Per noi, oggi, le cose non stanno così. Le nostre Messe con il popolo sono state – con grande sofferenza dei nostri vescovi e nostra – sospese, per un tempo limitato, non per il timore che i preti si infettassero, ma nel tentativo di impedire al contagio di propagarsi. Siamo all’opposto di quel che sembrava a prima vista. Ci è stato chiesto addirittura di non celebrare i funerali in chiesa ai nostri parrocchiani, cosa che provoca nei loro familiari sconcerto e dolore. Eppure, a malincuore, i nostri vescovi hanno ritenuto di doverlo fare. Non tanto per mettere al riparo i loro preti ma per salvaguardare la salute di tutti, a cominciare dai parenti e dagli amici del defunto.
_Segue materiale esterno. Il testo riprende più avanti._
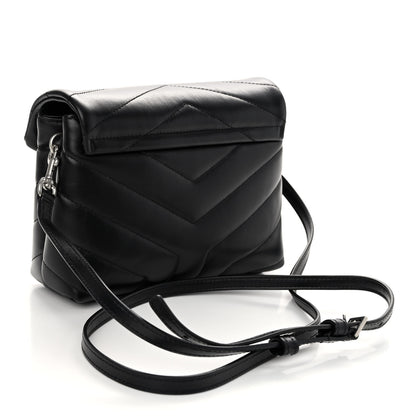 Saint Laurent Calfskin Y Quilted Monogram Toy Loulou Crossbody Bag Black 3 of 10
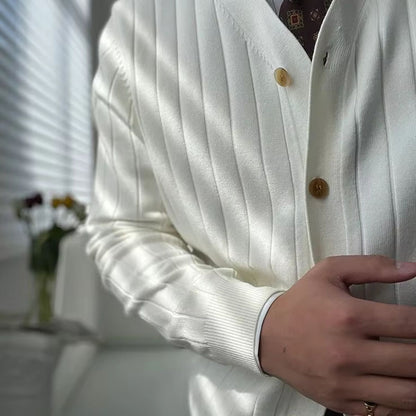 Slim Ribbed Knit Cardigan | Revangiol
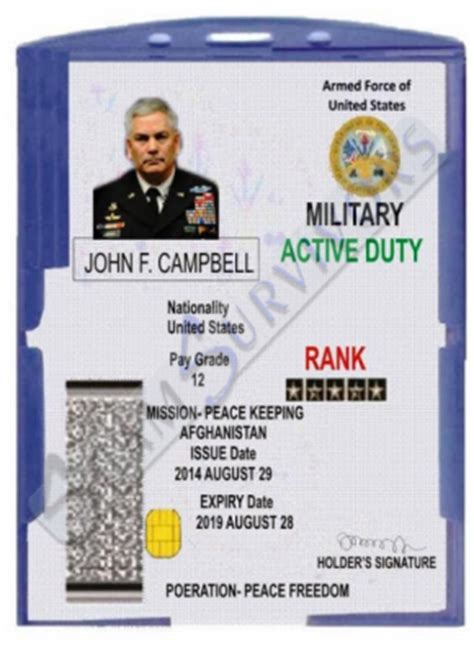There is a new dod id number on the front and a dod benefits number printed on the back. Scam Survivors • Scammers abusing stolen photos of Gen. John F. Campbell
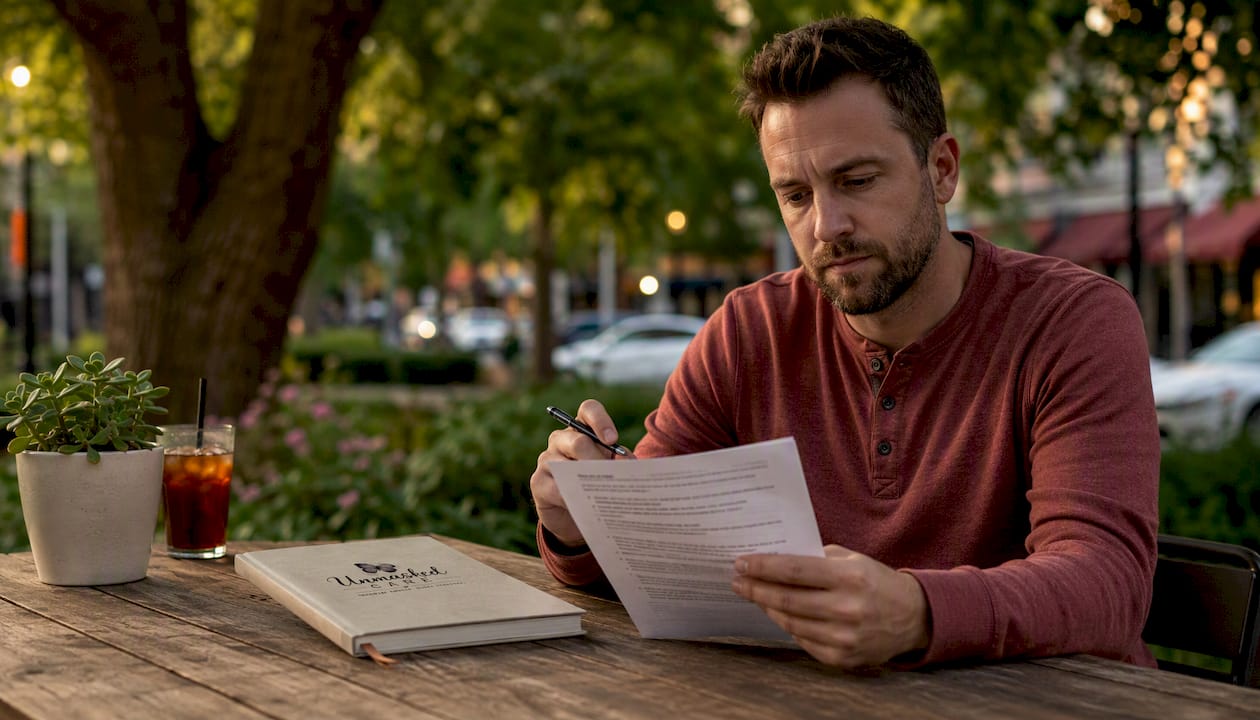 Man reviewing co-parenting script drafts at café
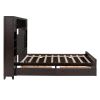 Queen Size Wooden Bed With All-in-One Cabinet, Shelf and Sockets, Espresso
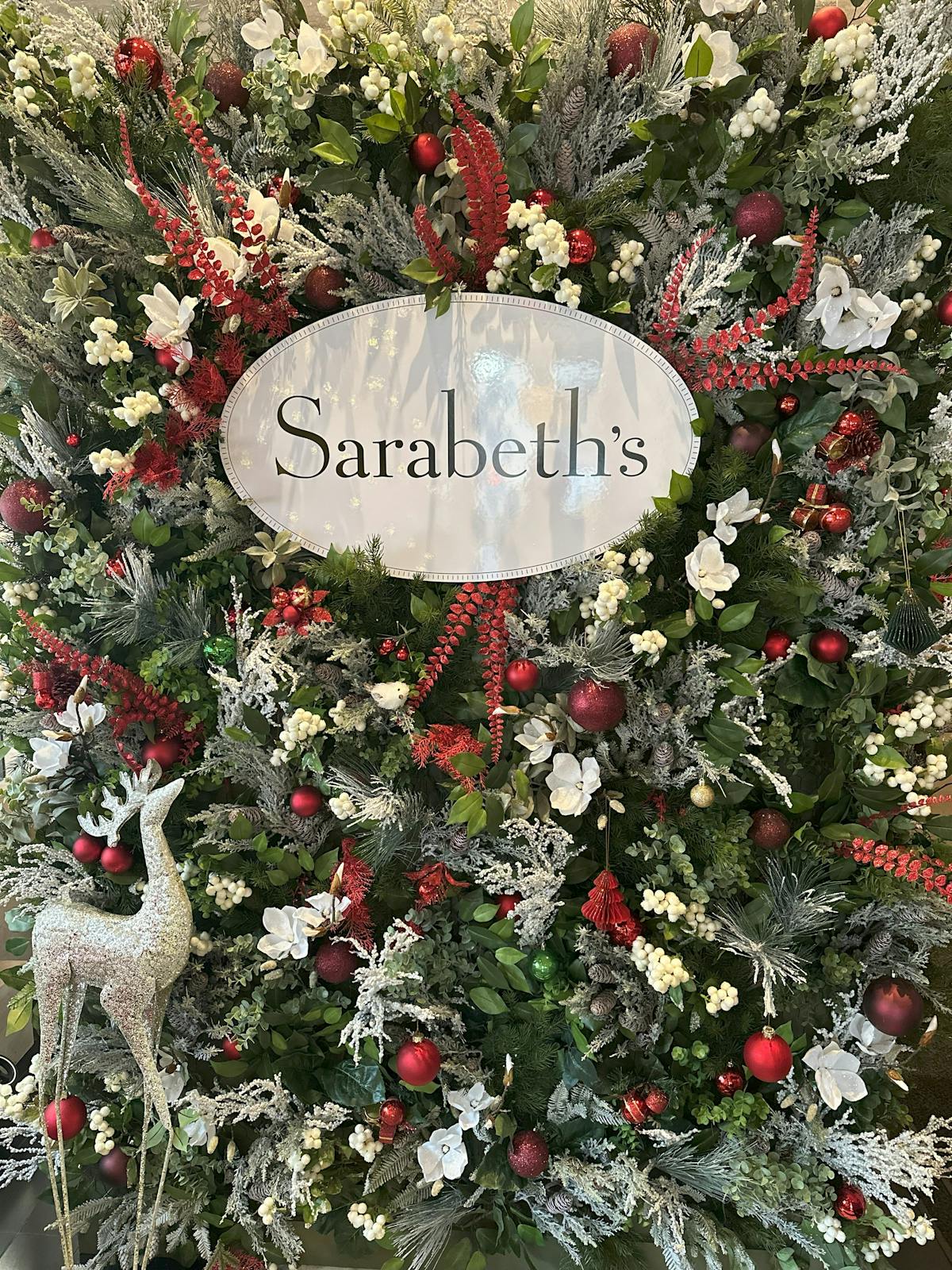 a close up of a flower garden in front of a christmas tree
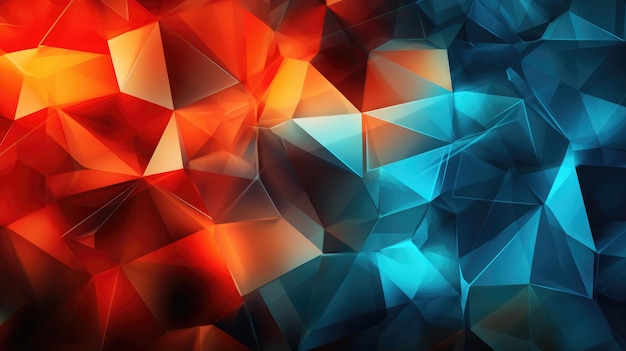 A blue and orange triangle background with a blue and orange triangle pattern.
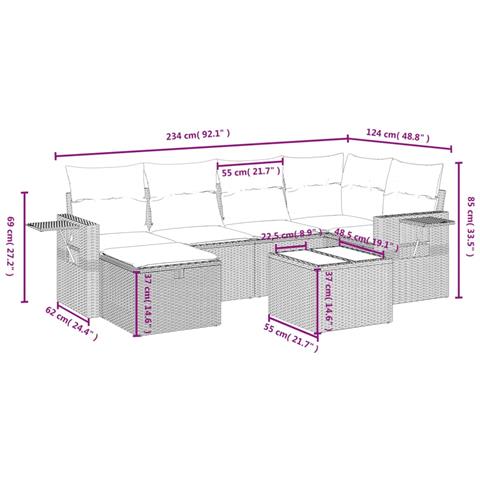 Set Divani da Giardino 7 pz con Cuscini Grigio in Polyrattan - Foto 4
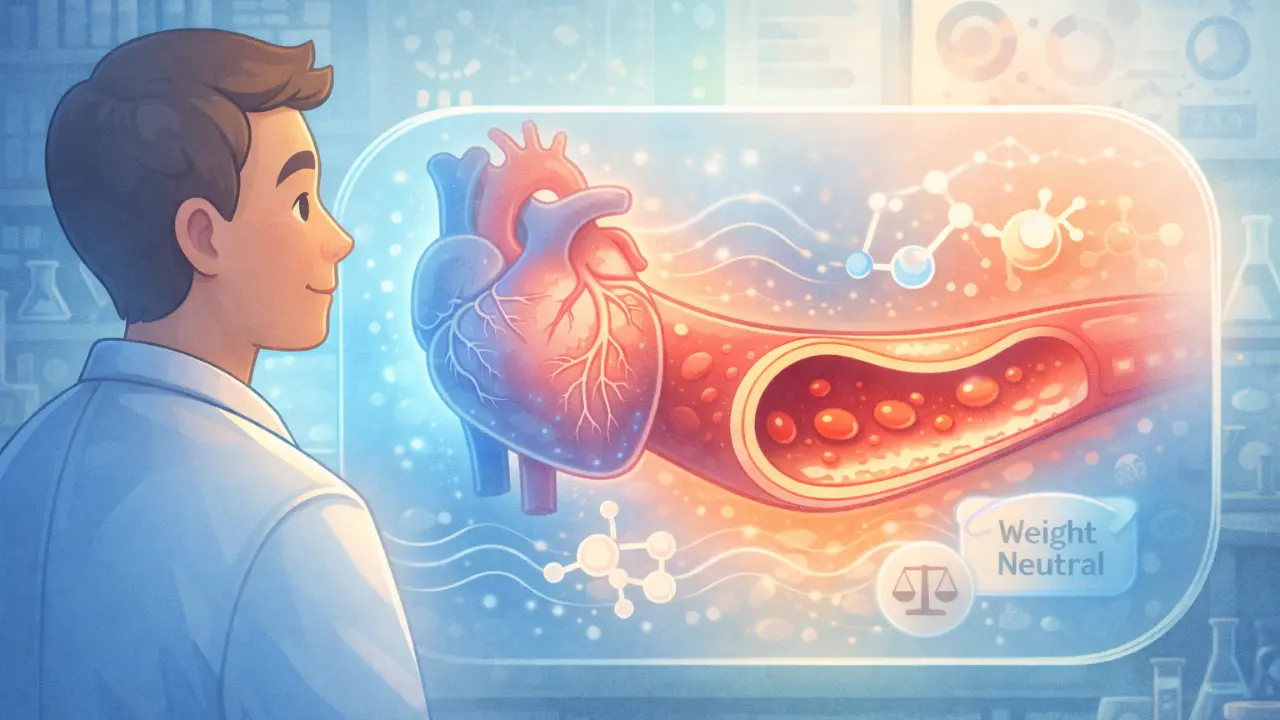 Cartoon illustration of a researcher in a lab observing a healthy heart and artery with reduced inflammation, representing weight-neutral heart protection from a diabetes drug.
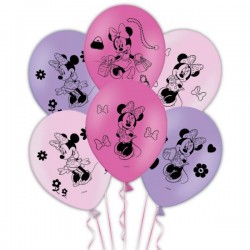 6 Balões Minnie 25 cms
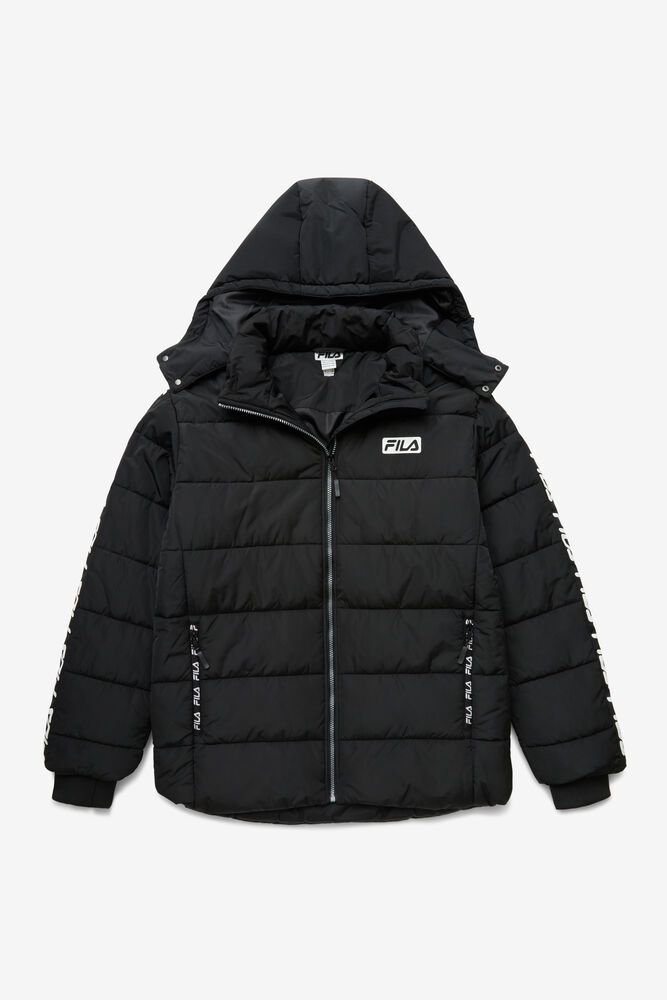 Fila Jacket Pace Puffer Mens Black - India JBR-580492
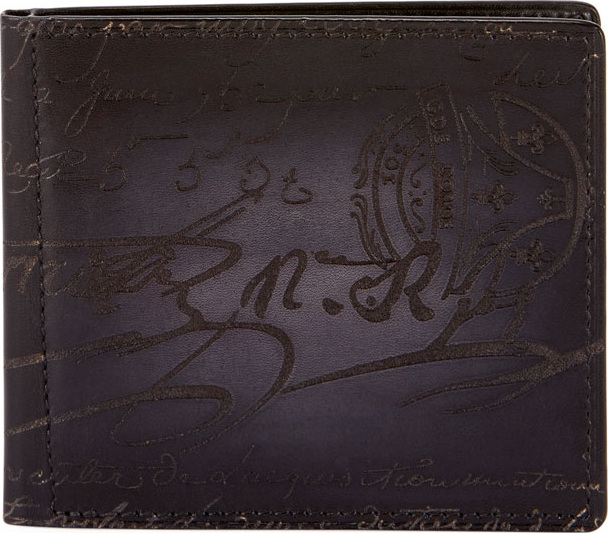 Berluti Men's Nero Scritto Clip Bifold Wallet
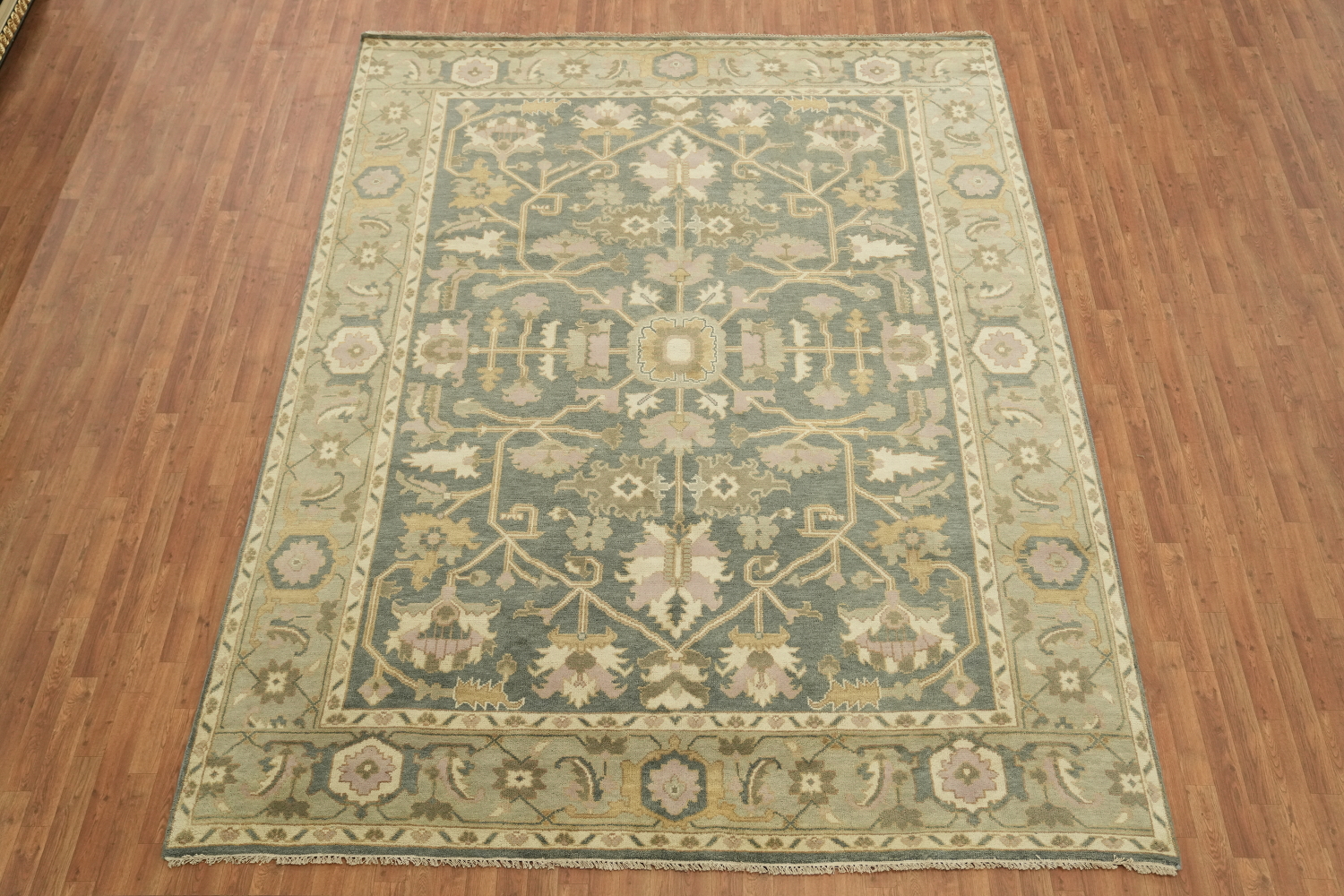 Classic Blue and Green Oushak Hand-Knotted Wool Rug 9x12 ft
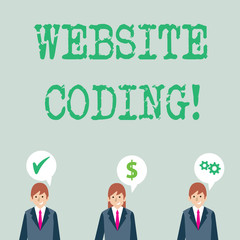 Word writing text Website Coding. Business photo showcasing system of symbols and rules used to represent instructions Businessmen Each has their Own Speech Bubble with Optimization Cost Icons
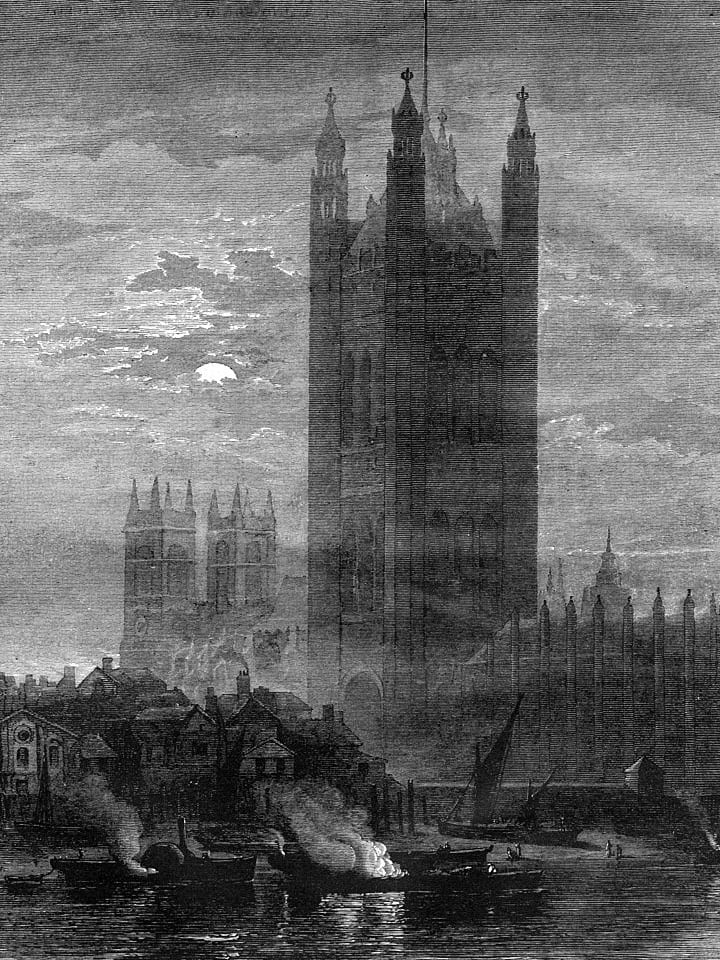 An illustration of the Palace of Westminster and boats with smoke in the River Thames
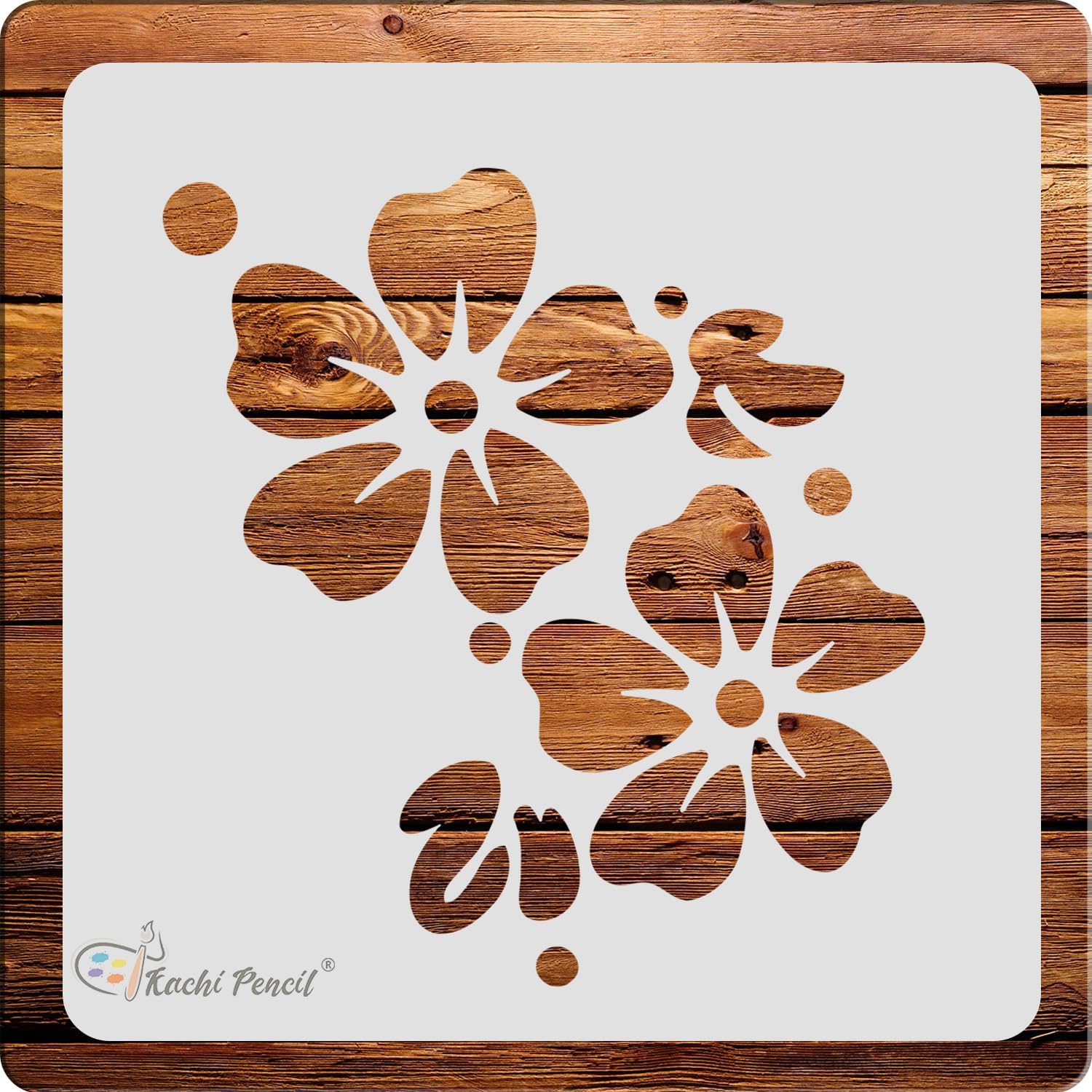 Kachi Pencil Hibiscus Flower Craft Stencil, 6 x 6 Inch, Reusable for Painting, Fabric, Glass, Wall, and Craft Projects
La Chiesa italiana ha sentito essere suo dovere dare l’esempio, in momenti come questi. Non ci è stato chiesto di rinunciare alle nostre celebrazioni per motivi ideologici o politici. Il popolo italiano ci sta a cuore. La persona umana è destinataria dell’amore di Dio. La Chiesa che è in Italia, da sempre a servizio degli italiani, continua a esserlo in questi giorni con modalità diverse. “Il prezzo da pagare, però, è alto” ha detto qualcuno. È vero. Molto più alto di quanto si possa credere. Proprio per questo ha un valore immenso. Ciò che vale molto, costa molto. La salute degli italiani, il ritorno alla serenità, il riprendere insieme il cammino della vita, il desiderio di liberare quanto prima l’umanità da questa epidemia, sono valori troppo alti per non vederci in prima linea. Stiamo vivendo il tempo dell’attesa. Non sappiamo quanto durerà la nostra vigilia. Una cosa è certa, dopo la croce verrà la resurrezione. E sarà Pasqua. Crediamoci. E lavoriamo insieme.